**TASK OBJECTIVE:** Filter the lines below, copying only those with the string "Green".

**DATA TO EXAMINE:**
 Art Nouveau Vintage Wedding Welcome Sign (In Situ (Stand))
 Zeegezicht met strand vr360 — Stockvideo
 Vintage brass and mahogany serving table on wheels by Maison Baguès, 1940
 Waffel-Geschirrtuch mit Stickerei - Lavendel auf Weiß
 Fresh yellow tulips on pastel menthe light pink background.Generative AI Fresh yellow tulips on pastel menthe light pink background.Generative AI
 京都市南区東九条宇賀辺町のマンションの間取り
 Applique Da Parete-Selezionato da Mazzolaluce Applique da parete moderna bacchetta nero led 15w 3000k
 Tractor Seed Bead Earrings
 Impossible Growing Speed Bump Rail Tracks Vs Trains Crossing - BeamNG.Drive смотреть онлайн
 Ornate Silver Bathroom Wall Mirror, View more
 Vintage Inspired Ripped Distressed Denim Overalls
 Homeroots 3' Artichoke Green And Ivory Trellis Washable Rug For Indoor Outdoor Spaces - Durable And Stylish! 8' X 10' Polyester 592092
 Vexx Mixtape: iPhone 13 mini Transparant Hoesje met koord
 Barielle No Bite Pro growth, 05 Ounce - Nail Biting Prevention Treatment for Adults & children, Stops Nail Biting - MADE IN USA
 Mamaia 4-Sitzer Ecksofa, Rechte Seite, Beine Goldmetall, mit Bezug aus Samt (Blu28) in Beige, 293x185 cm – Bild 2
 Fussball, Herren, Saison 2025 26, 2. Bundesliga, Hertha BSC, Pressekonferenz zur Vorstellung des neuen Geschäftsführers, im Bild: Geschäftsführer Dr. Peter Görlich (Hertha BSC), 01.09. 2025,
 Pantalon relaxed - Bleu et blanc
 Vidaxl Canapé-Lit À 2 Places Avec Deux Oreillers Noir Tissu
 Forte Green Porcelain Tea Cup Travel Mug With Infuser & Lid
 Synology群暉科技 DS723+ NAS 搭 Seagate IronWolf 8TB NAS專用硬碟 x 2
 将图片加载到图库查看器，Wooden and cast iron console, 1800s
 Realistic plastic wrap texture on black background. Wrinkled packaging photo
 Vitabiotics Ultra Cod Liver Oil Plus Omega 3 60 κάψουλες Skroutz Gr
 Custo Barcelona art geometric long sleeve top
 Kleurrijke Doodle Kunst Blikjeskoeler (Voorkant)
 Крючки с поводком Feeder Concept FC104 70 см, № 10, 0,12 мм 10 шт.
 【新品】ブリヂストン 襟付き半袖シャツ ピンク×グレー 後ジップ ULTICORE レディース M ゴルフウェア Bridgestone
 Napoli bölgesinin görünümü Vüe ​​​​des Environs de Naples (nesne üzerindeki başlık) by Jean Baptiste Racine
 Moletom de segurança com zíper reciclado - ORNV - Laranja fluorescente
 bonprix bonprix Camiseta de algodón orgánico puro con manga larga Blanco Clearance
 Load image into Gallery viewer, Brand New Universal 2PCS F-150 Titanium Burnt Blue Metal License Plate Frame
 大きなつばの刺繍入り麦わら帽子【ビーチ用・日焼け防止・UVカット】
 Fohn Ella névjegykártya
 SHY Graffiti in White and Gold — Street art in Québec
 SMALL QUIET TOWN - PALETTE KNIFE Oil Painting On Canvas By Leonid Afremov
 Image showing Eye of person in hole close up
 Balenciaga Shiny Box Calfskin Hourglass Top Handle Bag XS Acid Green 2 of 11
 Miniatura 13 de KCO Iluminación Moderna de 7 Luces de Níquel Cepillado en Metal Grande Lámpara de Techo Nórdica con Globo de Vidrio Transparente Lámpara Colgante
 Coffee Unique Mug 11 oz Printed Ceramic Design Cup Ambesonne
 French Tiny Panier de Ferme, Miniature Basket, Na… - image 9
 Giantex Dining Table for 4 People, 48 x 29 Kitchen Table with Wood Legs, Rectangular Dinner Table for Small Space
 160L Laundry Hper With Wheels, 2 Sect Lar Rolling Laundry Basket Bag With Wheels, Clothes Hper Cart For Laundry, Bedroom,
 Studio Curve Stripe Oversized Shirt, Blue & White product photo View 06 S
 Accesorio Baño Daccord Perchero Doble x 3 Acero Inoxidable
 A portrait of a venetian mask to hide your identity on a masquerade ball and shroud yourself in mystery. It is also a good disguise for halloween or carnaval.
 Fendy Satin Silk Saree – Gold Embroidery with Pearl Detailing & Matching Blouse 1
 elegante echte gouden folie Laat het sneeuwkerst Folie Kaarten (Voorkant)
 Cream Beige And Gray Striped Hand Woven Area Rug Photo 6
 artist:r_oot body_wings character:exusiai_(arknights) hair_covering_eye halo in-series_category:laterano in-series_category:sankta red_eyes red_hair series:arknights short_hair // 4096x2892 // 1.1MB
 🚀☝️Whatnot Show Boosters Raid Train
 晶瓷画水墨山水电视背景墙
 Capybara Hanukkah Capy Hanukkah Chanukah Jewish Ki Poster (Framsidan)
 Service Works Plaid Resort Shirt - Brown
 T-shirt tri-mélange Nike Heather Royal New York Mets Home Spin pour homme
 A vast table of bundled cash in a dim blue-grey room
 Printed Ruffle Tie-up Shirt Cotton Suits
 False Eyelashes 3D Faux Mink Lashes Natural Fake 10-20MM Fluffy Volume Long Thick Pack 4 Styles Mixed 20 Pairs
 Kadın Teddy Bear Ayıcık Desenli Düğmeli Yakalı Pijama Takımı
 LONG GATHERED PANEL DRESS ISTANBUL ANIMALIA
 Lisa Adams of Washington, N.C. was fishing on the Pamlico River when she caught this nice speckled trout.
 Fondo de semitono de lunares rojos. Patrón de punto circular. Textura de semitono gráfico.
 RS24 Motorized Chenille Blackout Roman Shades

**WRITTEN SOLUTION:**
 Homeroots 3' Artichoke Green And Ivory Trellis Washable Rug For Indoor Outdoor Spaces - Durable And Stylish! 8' X 10' Polyester 592092
 Forte Green Porcelain Tea Cup Travel Mug With Infuser & Lid
 Balenciaga Shiny Box Calfskin Hourglass Top Handle Bag XS Acid Green 2 of 11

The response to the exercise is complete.